DanielFilan comments on [AN #147]: An overview of the interpretability landscape

DanielFilan 21 Apr 2021 18:03 UTC
LW: 8 AF: 3
0
AF
Notes:
- I see our results on paired images as less conclusive than the summary implies. From the paper:
Networks trained on halves-diff [i.e. paired-image] datasets are more relatively clusterable than those trained on halves-same [‘pairs’ of the same thing, which we used as a control] datasets, but not more absolutely clusterable… networks trained on stack-diff [paired] datasets are somewhat more clusterable, both in absolute and relative terms, than those trained on stack-same [control] datasets.
- Appendix A.5 gives results for training MLPs on noise images with random labels. When the MLP is able to memorize the data, it’s as clusterable as when trained on MNIST, but when it can’t memorize, it’s not particularly clusterable.

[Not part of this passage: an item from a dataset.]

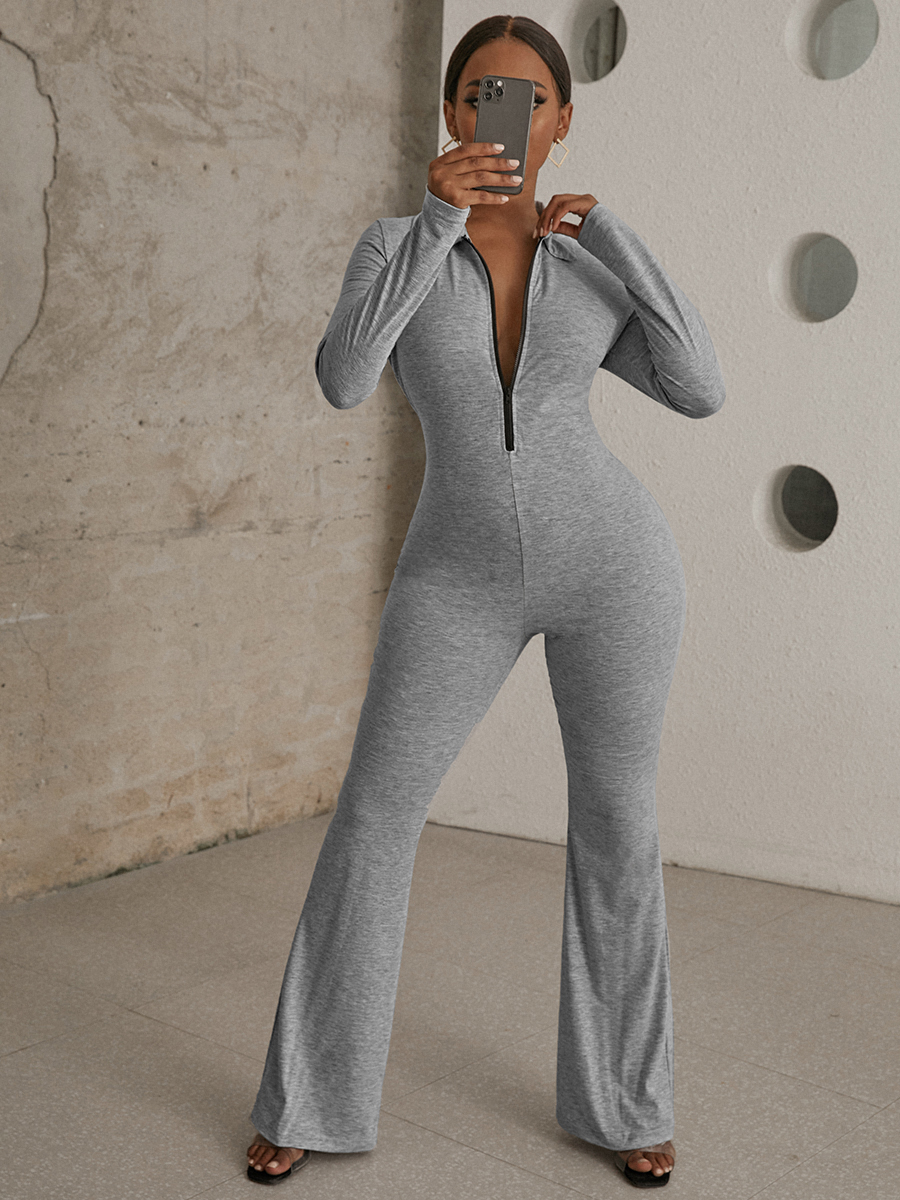 LW COTTON Zipper Design Basic Flared Jumpsuit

- “Another challenge is whether networks are more modular just because in a bigger model there are more chances to find good cuts. (In other words, what’s the default to which we should be comparing?)”—the answer is basically it depends. In the paper, we present ‘absolute’ clusterability numbers, as well as ‘relative’ statistics that indicate how clusterable the network is relative to versions of the networks where the weights are randomly shuffled. So relative clusterability answers this question. The ResNets are much more relatively clusterable than normal nets, meaning that their clusterability advantage isn’t just because of the architecture, but other big CNNs are relatively clusterable compared to their shuffles but not more so than most small CNNs, meaning their clusterability advantage over small nets is likely due to their aspect ratio (if nets are deep, you can ‘cluster’ by layer and be very clusterable). But TBC, the clusterability of non-ResNet big CNNs is not totally due to their architecture, their weights are still more clusterable than if you randomly permute them. (I think I explained this terribly, so do please ask clarifying questions)
- DanielFilan 21 Apr 2021 18:04 UTC
  LW: 8 AF: 3
  0
  AF Parent
  
  Additionally, in an intuitive sense, pruning a network seems as though it could be defined in terms of clusterability notions, which limits my enthusiasm for that result.
  
  I see what you mean, but there exist things called expander graphs which are very sparse (i.e. very pruned) but minimally clusterable. Now, these don’t have a topology compatible with being a neural network, but are proofs of concept that you can prune without being clusterable. For more evidence, note that our pruned networks are more clusterable than if you permuted the weights randomly—that is, than random pruned networks.